Prezydent Rosji Władimir Putin ocenił, że bez rozmów pomiędzy stronami konfliktu na Ukrainie plan pokojowy nie będzie mógł być zrealizowany. Rosyjski przywódca wezwał też do przerwania wszelkich działań bojowych. Poinformowała o tym kremlowska Administracja.


W opinii rosyjskiego prezydenta ogłoszony przez Petra Poroszenkę plan pokojowy nie może mieć charakteru ultimatum wobec powstańców. Możliwość, która otwiera się za sprawą wstrzymania działań bojowych, powinna być wykorzystana do rozpoczęcia konstruktywnych negocjacji i osiągnięcia politycznych kompromisów między walczącymi stronami na wschodzie Ukrainy - uważa Putin.

Prezydent Federacji Rosyjskiej uznał za "niedopuszczalną" sytuację, w której już po rozkazie wstrzymania ognia w wyniku trwających działań bojowych z ukraińskiej strony na terytorium Rosji spadają i eksplodują pociski, co nie tylko powoduje szkody materialne, ale też naraża na niebezpieczeństwo życie i zdrowie obywateli FR.

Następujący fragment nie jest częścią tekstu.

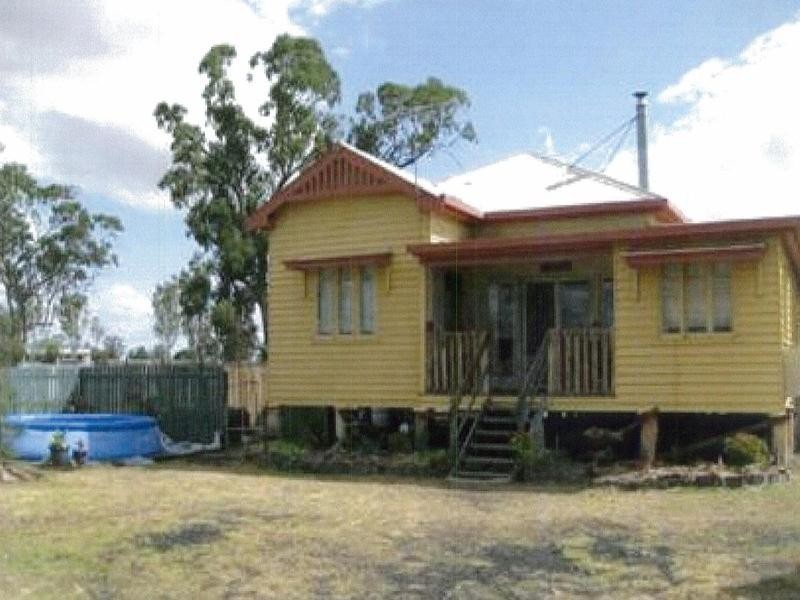 18 William Street, Jandowae QLD 4410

W piątek wieczorem wkrótce po ogłoszeniu przez Poroszenkę planu pokojowego Kreml oświadczył, że "wstępna analiza" dokumentu wykazała, że nie jest to "zaproszenie do pokoju i rozmów", lecz ultimatum wobec powstańców na południowym wschodzie Ukrainy, by złożyli broń. Na razie brakuje głównego elementu: propozycji rozpoczęcia negocjacji pokojowych - podkreślił Kreml.

Na Kremlu oczekuje się, że ukraińskie władze zaczną rozmawiać z prorosyjskimi separatystami jak "równy z równym". To oznaczałoby ,że Kijów uznaje de facto rozpad Ukrainy, dlatego te rosyjskie żądania są nie do przyjęcia. Separatyści nie zamierzają złożyć broni, a ponadto twierdzą, że obwody ługański i doniecki są już niezależnymi republikami. Wezwania Kremla można zatem traktować jak "zasłonę dymną". Putin chce - i potwierdzają to opozycyjni rosyjscy komentatorzy - przekształcić Ukrainę w quasi państwo, podzielone na oddzielne księstwa.

Prezydent Ukrainy przedstawił w piątek 15-punktowy plan mający na celu uregulowanie sytuacji na wschodzie kraju - w obwodach donieckim i ługańskim - gdzie od połowy kwietnia trwają walki sił rządowych z prorosyjskimi separatystami. Wcześniej w tym dniu Poroszenko ogłosił tygodniowe zawieszenie broni w walkach z buntownikami.